Available data: Begin

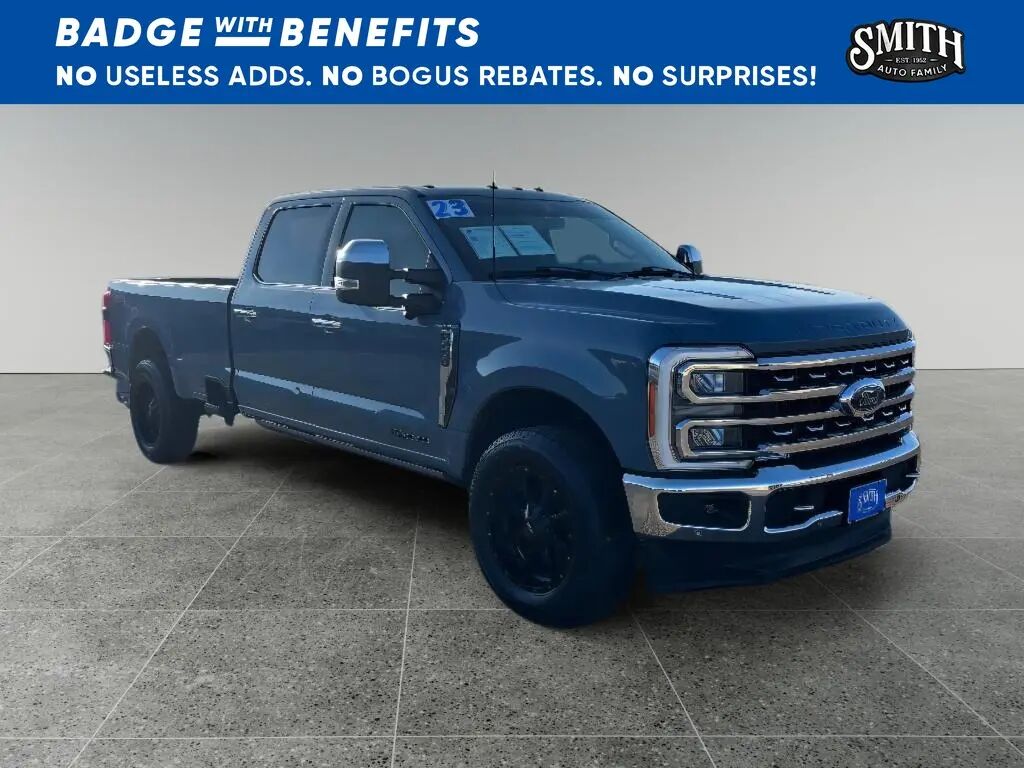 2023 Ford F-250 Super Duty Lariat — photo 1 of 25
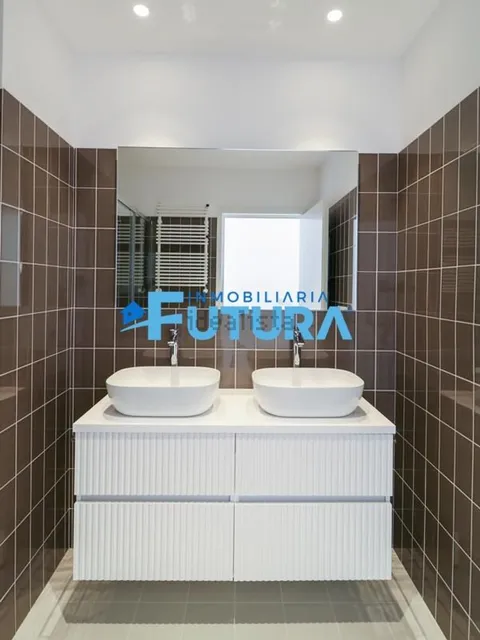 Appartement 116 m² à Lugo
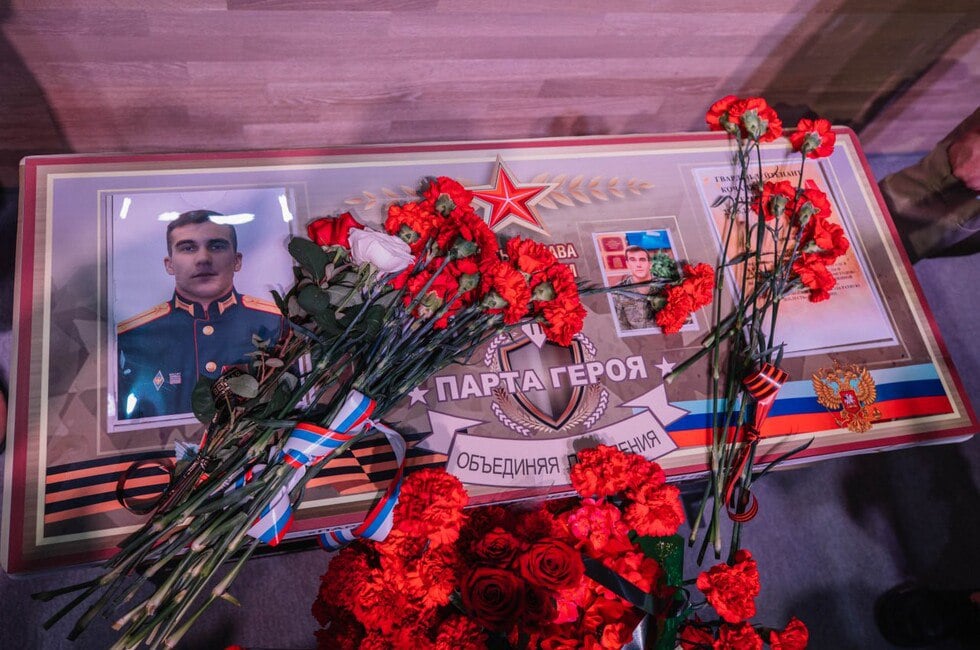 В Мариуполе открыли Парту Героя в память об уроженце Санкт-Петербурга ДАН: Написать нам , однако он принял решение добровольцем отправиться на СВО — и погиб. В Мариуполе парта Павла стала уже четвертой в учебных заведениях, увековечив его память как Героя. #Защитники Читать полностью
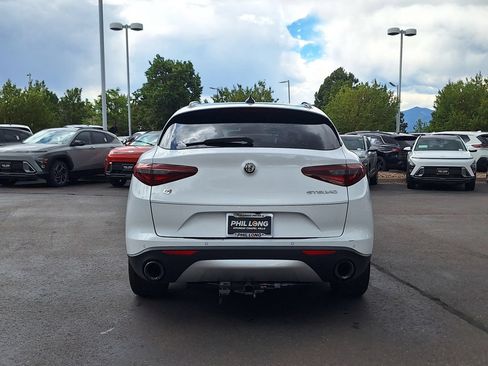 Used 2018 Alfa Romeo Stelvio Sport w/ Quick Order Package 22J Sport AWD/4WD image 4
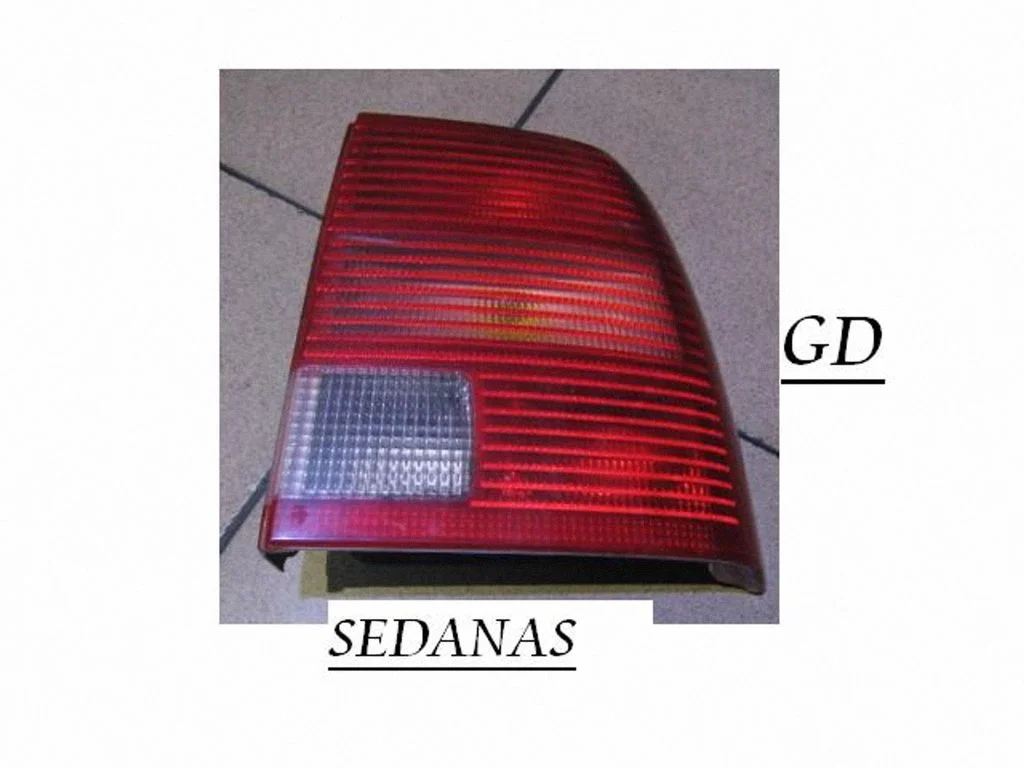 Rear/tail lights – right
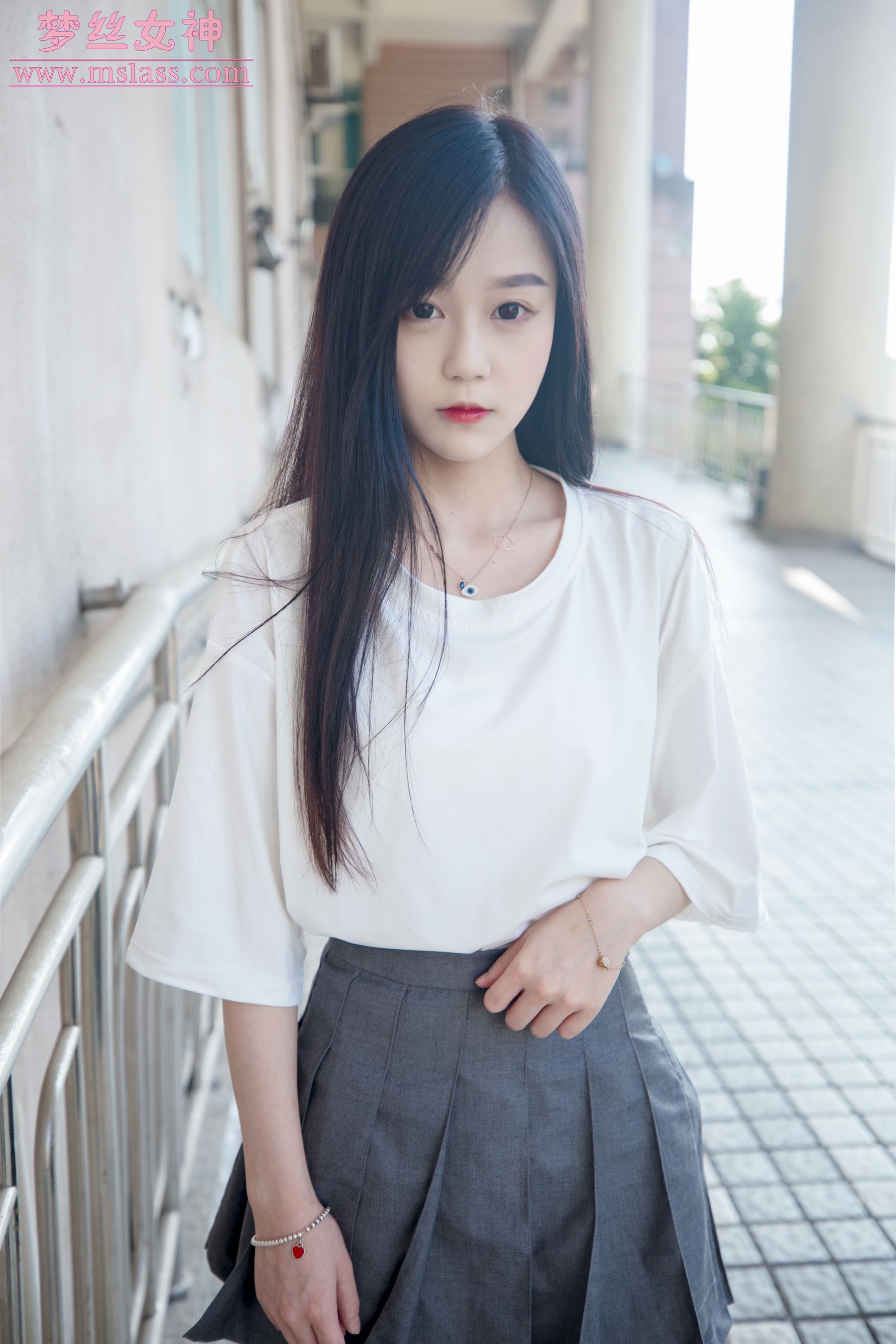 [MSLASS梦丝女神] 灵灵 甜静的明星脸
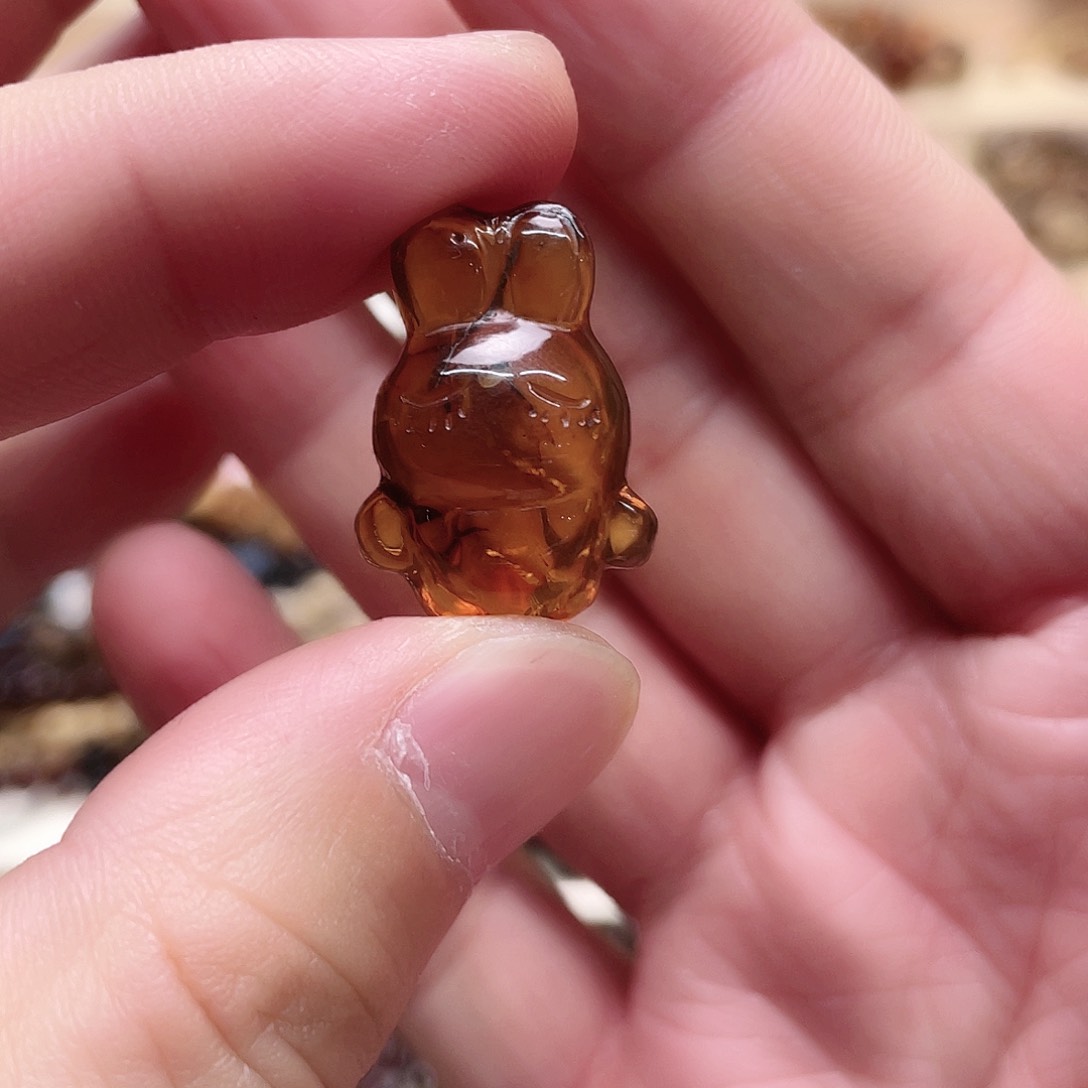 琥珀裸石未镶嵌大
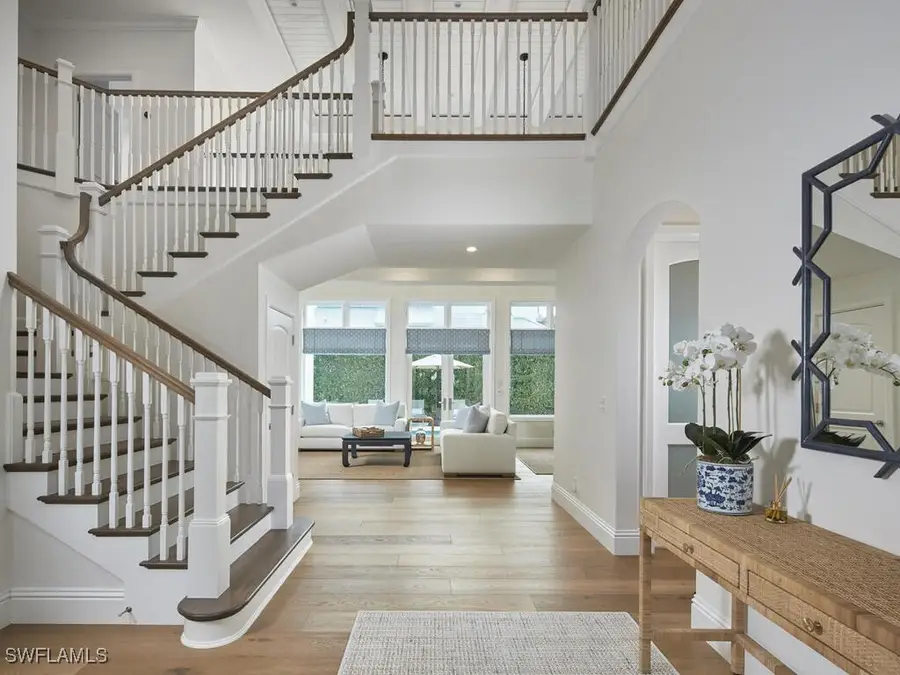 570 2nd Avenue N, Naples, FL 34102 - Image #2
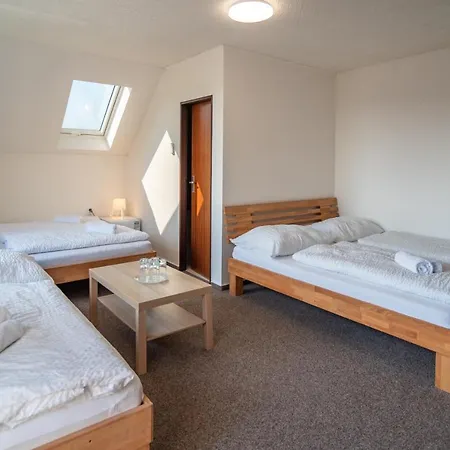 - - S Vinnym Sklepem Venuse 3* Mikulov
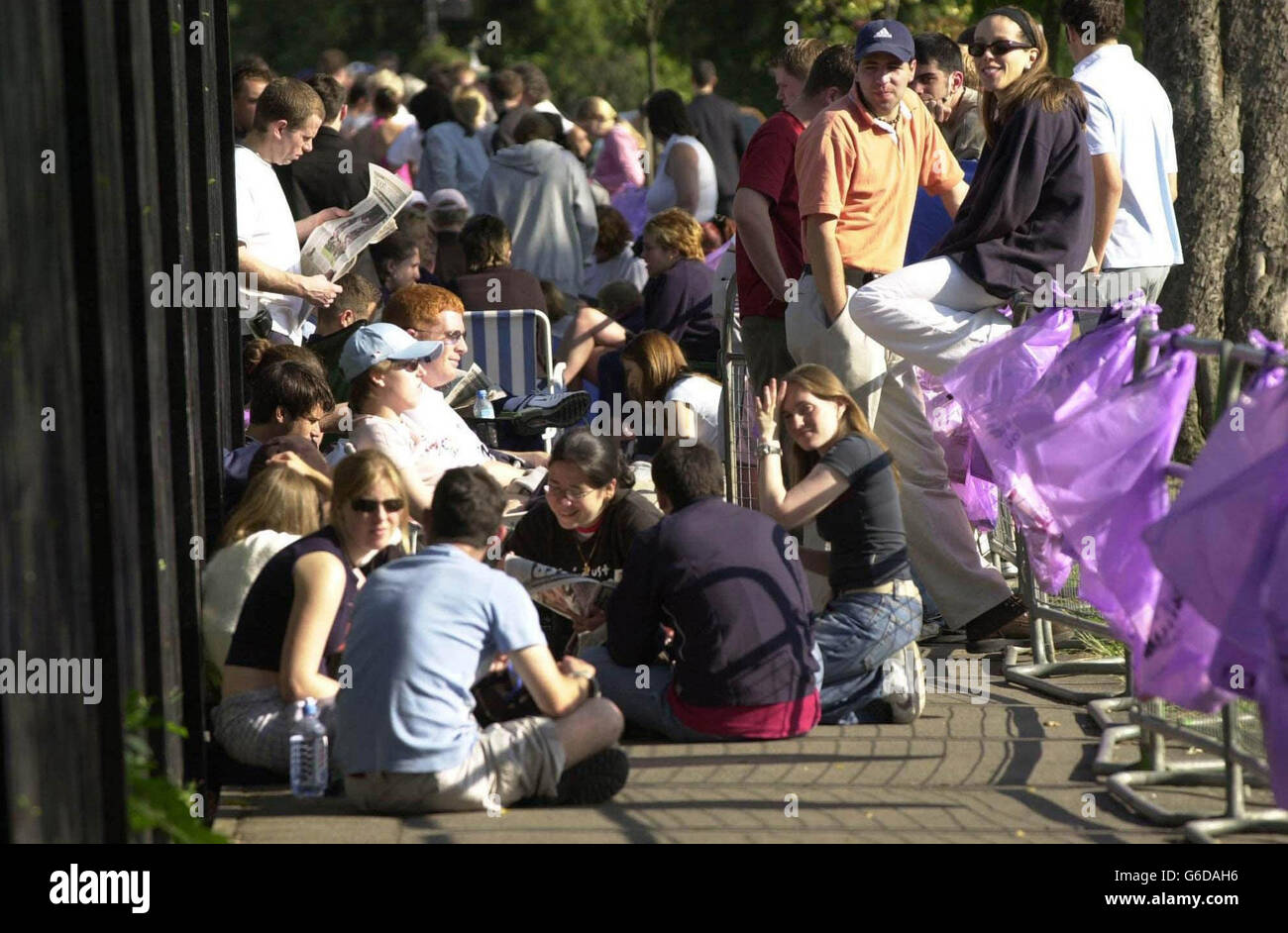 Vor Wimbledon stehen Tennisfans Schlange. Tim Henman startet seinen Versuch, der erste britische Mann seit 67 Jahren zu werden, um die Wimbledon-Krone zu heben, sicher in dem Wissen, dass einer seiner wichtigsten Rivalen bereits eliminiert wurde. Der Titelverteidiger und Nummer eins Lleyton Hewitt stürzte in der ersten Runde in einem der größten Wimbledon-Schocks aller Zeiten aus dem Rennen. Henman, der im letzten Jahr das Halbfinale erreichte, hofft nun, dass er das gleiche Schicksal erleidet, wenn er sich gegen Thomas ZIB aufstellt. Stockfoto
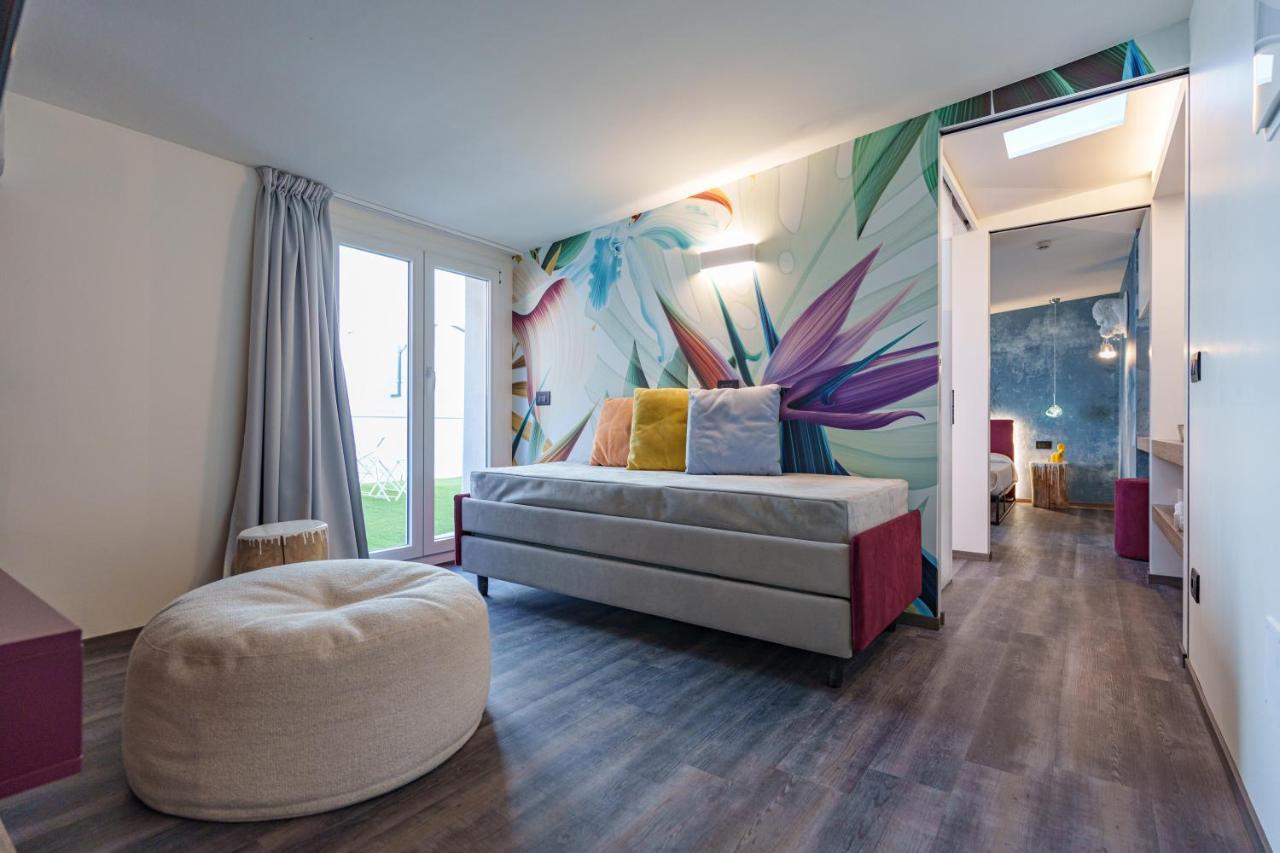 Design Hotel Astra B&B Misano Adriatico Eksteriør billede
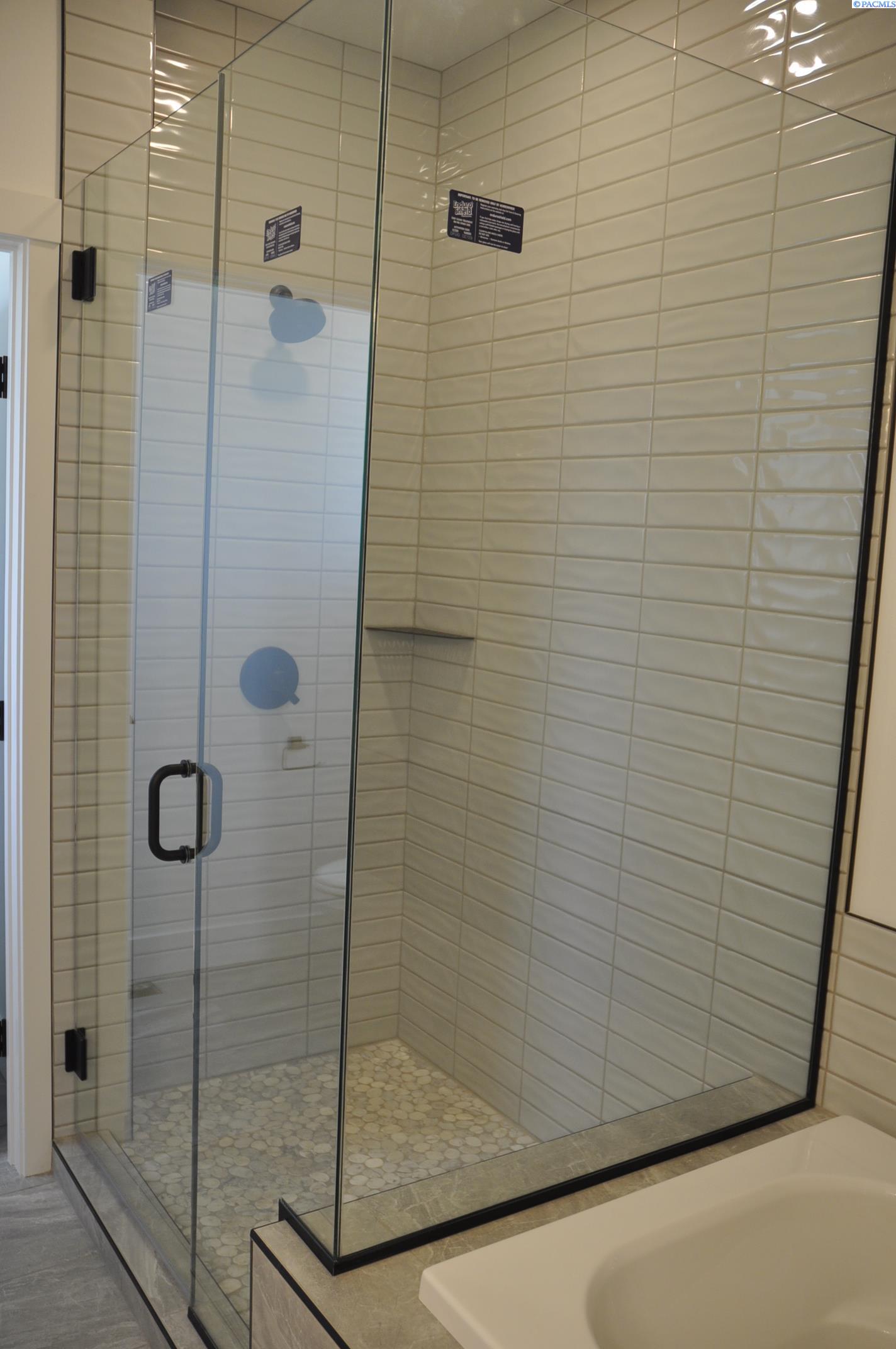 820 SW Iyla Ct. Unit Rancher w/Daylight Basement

Available data: End

Output exactly, and only, the lines of the entries above from the one with "Rear/tail lights – right" up to and including the one with "- - S Vinnym Sklepem Venuse 3* Mikulov"; pictures are to be left out.

 Rear/tail lights – right
 [MSLASS梦丝女神] 灵灵 甜静的明星脸
 琥珀裸石未镶嵌大
 570 2nd Avenue N, Naples, FL 34102 - Image #2
 - - S Vinnym Sklepem Venuse 3* Mikulov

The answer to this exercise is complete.